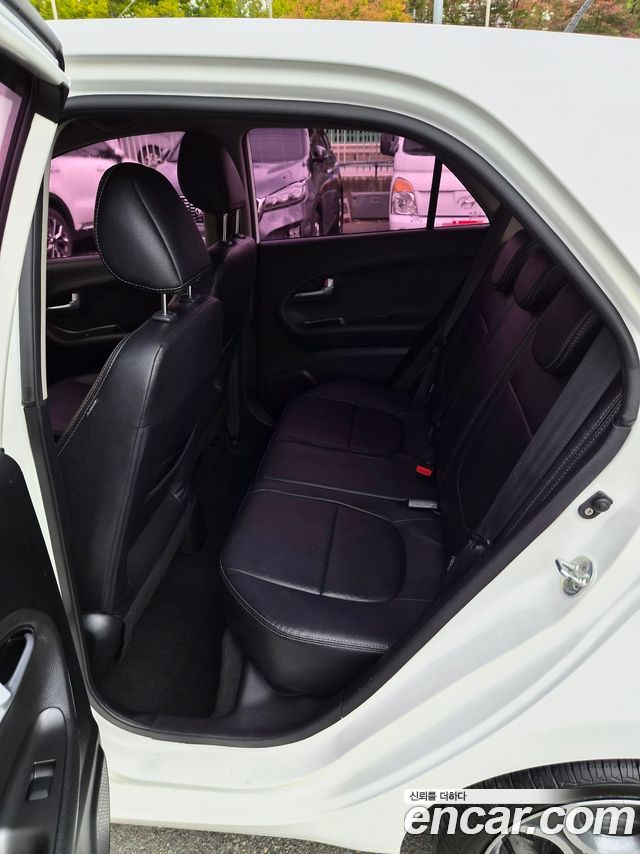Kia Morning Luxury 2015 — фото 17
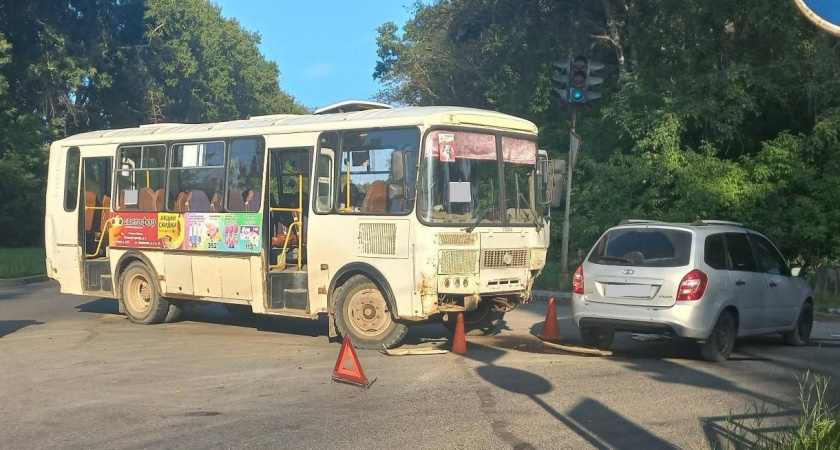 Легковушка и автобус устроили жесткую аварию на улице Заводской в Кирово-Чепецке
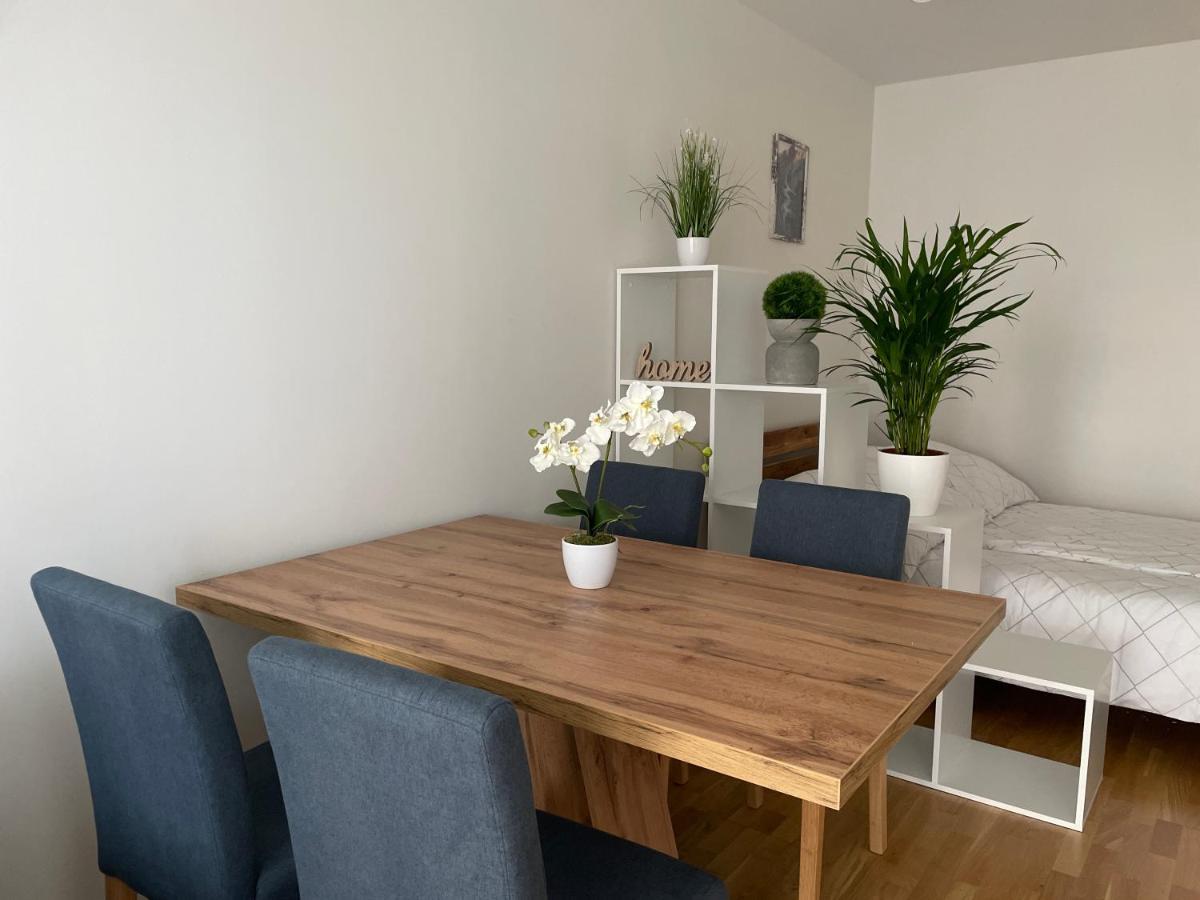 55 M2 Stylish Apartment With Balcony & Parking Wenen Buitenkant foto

##########

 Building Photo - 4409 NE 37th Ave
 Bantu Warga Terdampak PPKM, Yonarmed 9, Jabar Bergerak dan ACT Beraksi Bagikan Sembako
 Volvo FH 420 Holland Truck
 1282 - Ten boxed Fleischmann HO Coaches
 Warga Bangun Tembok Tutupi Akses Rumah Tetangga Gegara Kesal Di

##########

Exercise ▸ Starting at the line above that holds "Kia Morning Luxury 2015 — фото 17", return each line up to and including the one that holds "55 M2 Stylish", exactly as written, minus any pictures.

Answer to the exercise ▸
Kia Morning Luxury 2015 — фото 17
 Легковушка и автобус устроили жесткую аварию на улице Заводской в Кирово-Чепецке
 55 M2 Stylish Apartment With Balcony & Parking Wenen Buitenkant foto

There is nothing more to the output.